- YOUR INSTRUCTIONS -
Repeat the material exactly from its first line to the line that includes "Disney Parks Epcot". Skip pictures.

- TASK MATERIAL -
- - - - -

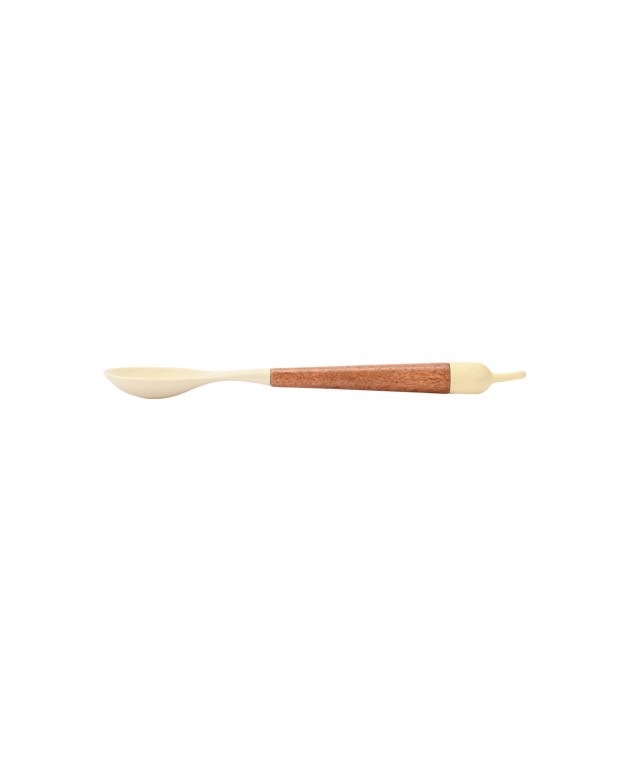 ESTIA ΚΟΥΤΑΛΑ ΡΑΓΚΟΥ ALLURE ΣΙΛΙΚΟΝΗΣ IVORY Κουτάλες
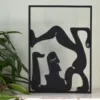Floating Frames Houten lijstje transparant Picasso
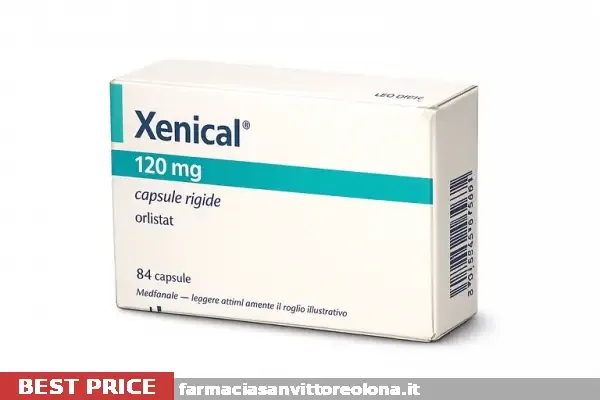 Acquistare Xenical (Orlistat) senza prescrizione — pagamento sicuro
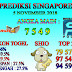 Prediksi Togel Singapore 5 November 2018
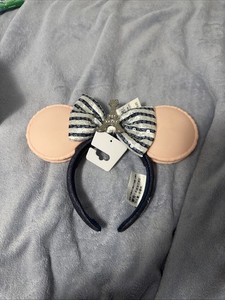 Disney Parks Epcot France Macaroons Eiffel Tower Minnie Mouse Ears Headband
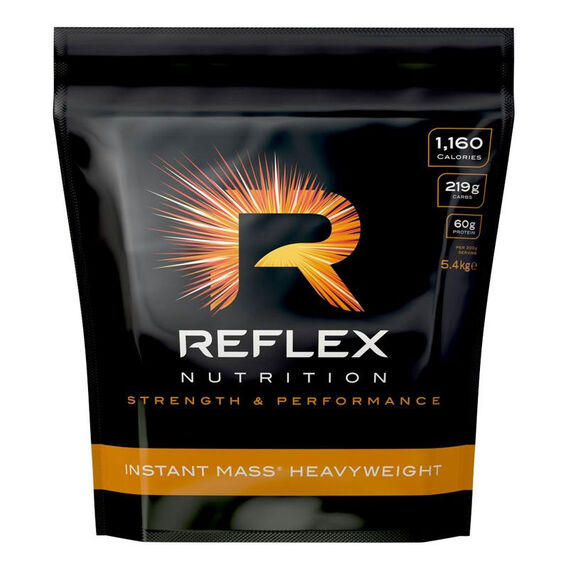 Reflex Instant Mass Heavyweight 5,4kg - slaný karamel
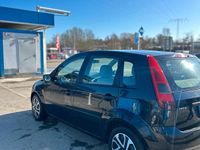 Gebraucht Ford Fiesta 80 PS (58 kW) 2002 Schwarz Kleinwagen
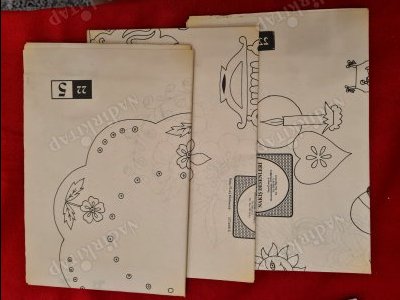 BOYAMA NAKIŞ DESENLERİ - 22
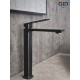 Смеситель высокий для раковины Gid Niagara L057-BM-D L057BMD черный матовый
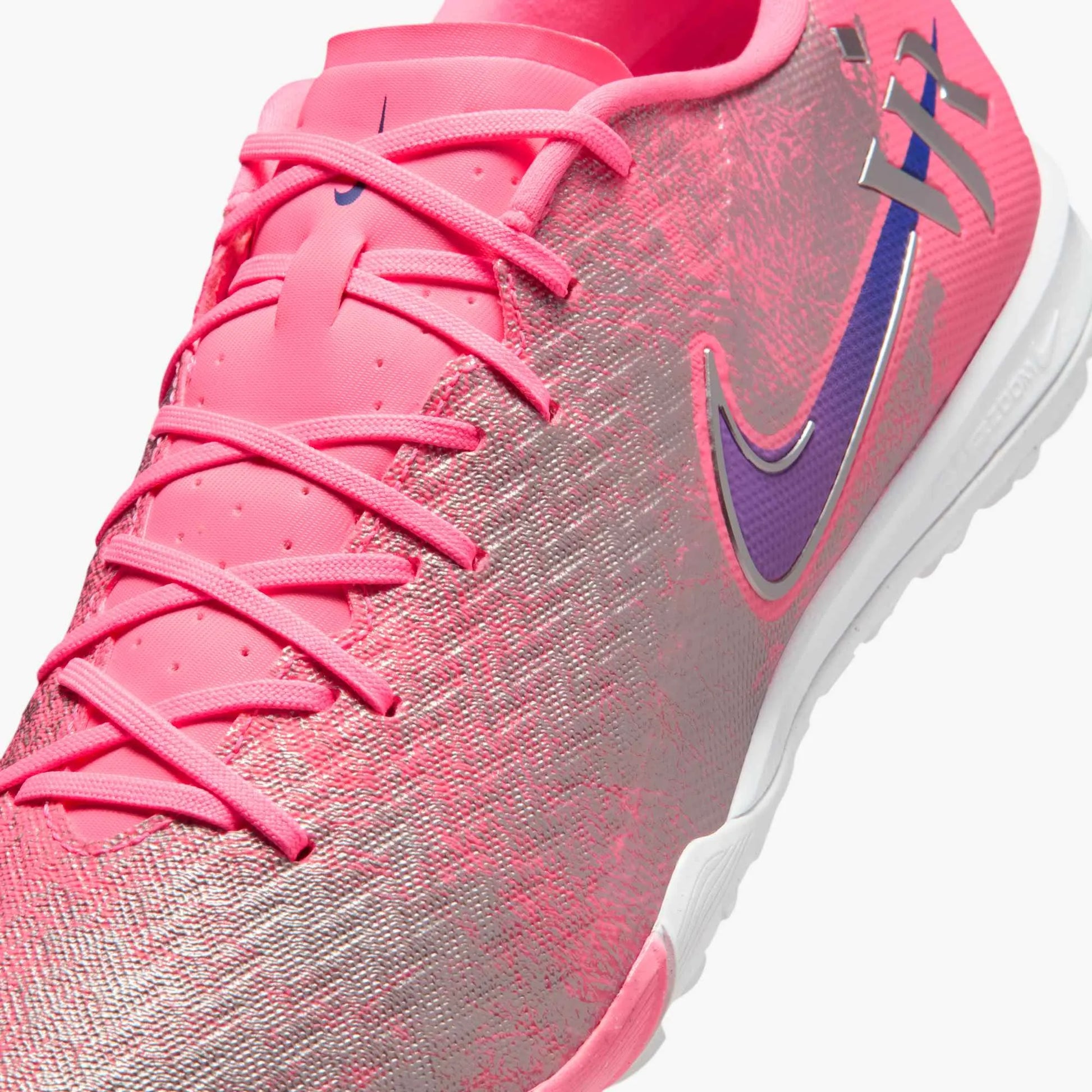 Nike Zoom Vapor 16 Academy Turf Soccer Shoes - Vini Jr. Player Edition (SP26) (Detail 1)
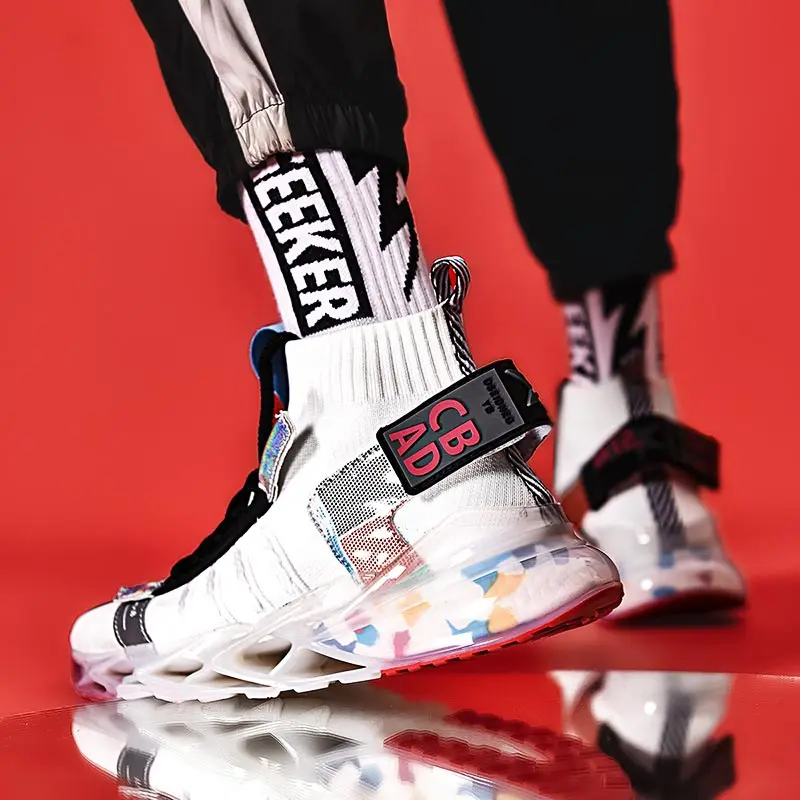 High Top Summer Sneakers Socks Men Running Shoes Sports for Men Sport Shoes Men Sneakers 2021 White Knit Kids Trainers GME-1261
High Top Summer Sneakers Socks Men Running Shoes Sports for Men Sport Shoes Men Sneakers 2021 White Knit Kids Trainers GME-1261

- - - - -

- RESPONSE TO THE TASK -
 ESTIA ΚΟΥΤΑΛΑ ΡΑΓΚΟΥ ALLURE ΣΙΛΙΚΟΝΗΣ IVORY Κουτάλες
Floating Frames Houten lijstje transparant Picasso
 Acquistare Xenical (Orlistat) senza prescrizione — pagamento sicuro
 Prediksi Togel Singapore 5 November 2018
 Disney Parks Epcot France Macaroons Eiffel Tower Minnie Mouse Ears Headband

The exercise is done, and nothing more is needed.